La recette était simple. Elle a été dévoilée par Lamizana : « Ne pouvant rien espérer de nouveau du côté des recettes, nous nous sommes retournés tout naturellement vers les dépenses pour chercher le moyen d’équilibrer le budget ». Les mesures seront drastiques : réduction systématique des indemnités des fonctionnaires ; limitation du nombre des ambassades voltaïques ; réduction du salaire du chef de l’Etat (ramené de 1,5 million à 400.000 francs CFA) ; réduction du train de vie des ministres ; « contribution patriotique » : cession d’un demi-mois de salaire par les fonctionnaires. Le budget deviendra excédentaire dès 1968 et le restera jusqu’en 1973. Mais pour les Voltaïques, la pilule sera amère. « Pour vivre à Ouagadougou, disait-on alors, il faut être un héros ». Le mal qui va frapper les fonctionnaires voltaïques va dès lors porter un nom : la « garangose ». Ce qui, bien sûr, ne rendra pas populaire Garango, accusé alors de tous les maux. Aujourd’hui, la vision qu’ont les Burkinabè de la « garangose » est plutôt positive : ils l’associent à la bonne gouvernance, à la rigueur de gestion ; au temps de Garango, la « garangose » c’était l’austérité pour les plus démunis, pas nécessairement pour les plus riches ; un ajustement structurel. Eternel dilemme dont la Grèce, le Portugal, l’Espagne… sont aujourd’hui les illustrations au sein de l’Union européenne.

* Les deux autres personnalités rencontrées ce jour-là (cf.

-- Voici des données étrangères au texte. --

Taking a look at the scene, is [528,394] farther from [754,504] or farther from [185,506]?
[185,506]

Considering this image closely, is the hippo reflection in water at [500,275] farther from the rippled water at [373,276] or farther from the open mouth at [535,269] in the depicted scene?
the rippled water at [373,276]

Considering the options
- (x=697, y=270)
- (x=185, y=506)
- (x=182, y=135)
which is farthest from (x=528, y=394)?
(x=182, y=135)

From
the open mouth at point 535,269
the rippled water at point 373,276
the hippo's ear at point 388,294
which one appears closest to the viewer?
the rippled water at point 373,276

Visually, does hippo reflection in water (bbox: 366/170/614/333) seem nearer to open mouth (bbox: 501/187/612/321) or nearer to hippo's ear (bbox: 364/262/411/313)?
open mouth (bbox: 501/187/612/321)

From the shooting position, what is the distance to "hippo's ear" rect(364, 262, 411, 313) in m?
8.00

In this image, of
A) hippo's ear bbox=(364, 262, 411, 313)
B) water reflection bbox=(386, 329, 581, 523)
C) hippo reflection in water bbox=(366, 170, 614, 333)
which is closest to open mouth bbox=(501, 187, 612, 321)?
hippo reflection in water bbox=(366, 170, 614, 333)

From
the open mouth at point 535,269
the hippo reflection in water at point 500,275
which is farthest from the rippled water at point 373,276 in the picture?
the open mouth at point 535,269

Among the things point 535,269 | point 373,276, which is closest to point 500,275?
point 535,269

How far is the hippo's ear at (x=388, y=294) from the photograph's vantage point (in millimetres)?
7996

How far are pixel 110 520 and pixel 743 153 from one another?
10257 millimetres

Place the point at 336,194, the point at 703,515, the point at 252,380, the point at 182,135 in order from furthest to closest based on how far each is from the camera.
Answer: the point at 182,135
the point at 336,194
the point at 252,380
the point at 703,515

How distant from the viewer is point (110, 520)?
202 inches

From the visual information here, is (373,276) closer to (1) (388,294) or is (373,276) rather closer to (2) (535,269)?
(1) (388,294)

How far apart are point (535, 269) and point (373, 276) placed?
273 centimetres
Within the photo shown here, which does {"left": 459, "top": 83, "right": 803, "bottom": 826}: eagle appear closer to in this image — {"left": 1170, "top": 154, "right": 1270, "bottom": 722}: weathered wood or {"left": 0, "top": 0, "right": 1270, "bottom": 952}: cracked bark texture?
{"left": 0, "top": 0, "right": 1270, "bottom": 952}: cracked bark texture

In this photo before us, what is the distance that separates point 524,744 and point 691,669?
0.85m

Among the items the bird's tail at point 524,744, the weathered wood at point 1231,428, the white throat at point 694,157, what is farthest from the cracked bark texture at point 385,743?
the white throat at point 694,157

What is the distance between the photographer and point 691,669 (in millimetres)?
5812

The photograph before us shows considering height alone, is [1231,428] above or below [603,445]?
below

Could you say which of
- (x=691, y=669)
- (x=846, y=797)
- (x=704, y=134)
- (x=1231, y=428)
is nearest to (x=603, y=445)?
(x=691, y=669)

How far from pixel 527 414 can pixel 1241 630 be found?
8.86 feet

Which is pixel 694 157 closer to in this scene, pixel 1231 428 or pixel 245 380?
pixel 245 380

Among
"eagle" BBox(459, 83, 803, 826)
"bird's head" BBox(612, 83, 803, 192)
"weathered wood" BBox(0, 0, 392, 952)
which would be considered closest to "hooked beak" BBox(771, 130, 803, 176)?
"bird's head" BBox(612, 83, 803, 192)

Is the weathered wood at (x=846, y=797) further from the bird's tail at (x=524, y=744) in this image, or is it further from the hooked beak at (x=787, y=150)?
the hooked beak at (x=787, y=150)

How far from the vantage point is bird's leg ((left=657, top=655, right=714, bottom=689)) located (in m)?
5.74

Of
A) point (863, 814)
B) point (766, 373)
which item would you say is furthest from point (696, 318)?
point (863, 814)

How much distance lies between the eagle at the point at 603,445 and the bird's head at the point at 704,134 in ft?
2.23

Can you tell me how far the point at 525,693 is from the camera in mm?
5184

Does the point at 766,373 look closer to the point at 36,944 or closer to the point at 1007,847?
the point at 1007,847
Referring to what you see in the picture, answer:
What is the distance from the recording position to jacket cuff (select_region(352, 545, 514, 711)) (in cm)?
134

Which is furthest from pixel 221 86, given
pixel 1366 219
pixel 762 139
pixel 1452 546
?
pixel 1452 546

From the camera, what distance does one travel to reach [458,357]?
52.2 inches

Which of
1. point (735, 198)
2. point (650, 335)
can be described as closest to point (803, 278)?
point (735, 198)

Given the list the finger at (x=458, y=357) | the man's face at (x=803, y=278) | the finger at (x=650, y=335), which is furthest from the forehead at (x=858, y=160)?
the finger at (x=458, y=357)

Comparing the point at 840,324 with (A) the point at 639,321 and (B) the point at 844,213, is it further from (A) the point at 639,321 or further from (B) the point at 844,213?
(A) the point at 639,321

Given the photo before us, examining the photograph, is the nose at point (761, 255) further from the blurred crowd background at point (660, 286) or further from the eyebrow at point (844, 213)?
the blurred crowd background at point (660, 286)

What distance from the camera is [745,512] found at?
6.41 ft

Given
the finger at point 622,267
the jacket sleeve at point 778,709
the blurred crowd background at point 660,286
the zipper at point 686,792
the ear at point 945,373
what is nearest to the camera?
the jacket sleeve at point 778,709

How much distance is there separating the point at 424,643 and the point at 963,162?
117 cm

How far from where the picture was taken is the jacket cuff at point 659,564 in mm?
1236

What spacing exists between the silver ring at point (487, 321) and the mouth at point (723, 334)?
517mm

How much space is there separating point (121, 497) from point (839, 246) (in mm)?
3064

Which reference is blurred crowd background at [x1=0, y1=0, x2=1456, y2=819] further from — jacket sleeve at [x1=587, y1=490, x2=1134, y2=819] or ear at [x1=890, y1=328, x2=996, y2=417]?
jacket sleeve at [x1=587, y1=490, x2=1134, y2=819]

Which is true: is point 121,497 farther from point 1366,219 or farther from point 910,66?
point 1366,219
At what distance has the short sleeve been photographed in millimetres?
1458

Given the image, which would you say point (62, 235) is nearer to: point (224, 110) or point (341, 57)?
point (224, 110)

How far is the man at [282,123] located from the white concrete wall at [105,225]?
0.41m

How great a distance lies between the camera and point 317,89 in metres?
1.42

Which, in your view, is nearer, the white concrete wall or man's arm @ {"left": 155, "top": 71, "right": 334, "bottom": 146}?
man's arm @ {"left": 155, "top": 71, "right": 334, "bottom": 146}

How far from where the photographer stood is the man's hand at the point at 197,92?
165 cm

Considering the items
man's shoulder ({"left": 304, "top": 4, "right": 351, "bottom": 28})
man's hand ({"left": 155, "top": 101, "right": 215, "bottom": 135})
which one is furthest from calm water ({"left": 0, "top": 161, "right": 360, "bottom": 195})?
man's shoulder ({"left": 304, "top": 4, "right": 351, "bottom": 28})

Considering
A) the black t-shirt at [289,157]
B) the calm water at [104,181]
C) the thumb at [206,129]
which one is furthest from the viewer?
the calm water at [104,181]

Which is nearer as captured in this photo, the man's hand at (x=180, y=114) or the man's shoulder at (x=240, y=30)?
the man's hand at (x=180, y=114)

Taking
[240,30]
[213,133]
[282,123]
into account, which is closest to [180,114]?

LDD Burkina Faso 0455/Vendredi 21 novembre 2014) étaient Me Halidou Ouédraogo, « Monsieur droits de l’homme », et l’ancien médecin-militaire, Jean-Baptiste Ouédraogo, président du Conseil de salut du peuple (CSP), chef d’Etat, du 26 novembre 1982 au 4 août 1983.

** Général de corps d’armée, Grand chancelier du 15 janvier 1980 au 27 septembre 1989 (il donnera sa démission pour protester contre l’exécution de Jean-Baptiste Lingani et de Henri Zongo alors qu’on lui avait assuré que la peine de mort ne leur serait pas appliquée), Baba Sy est le père de Chériff Sy, président du Conseil national de transition (CNT).

*** Zéphirin Diabré a préfacé l’ouvrage de Tiémoko Marc Garango, « Le Devoir de mémoire » publié en 2007.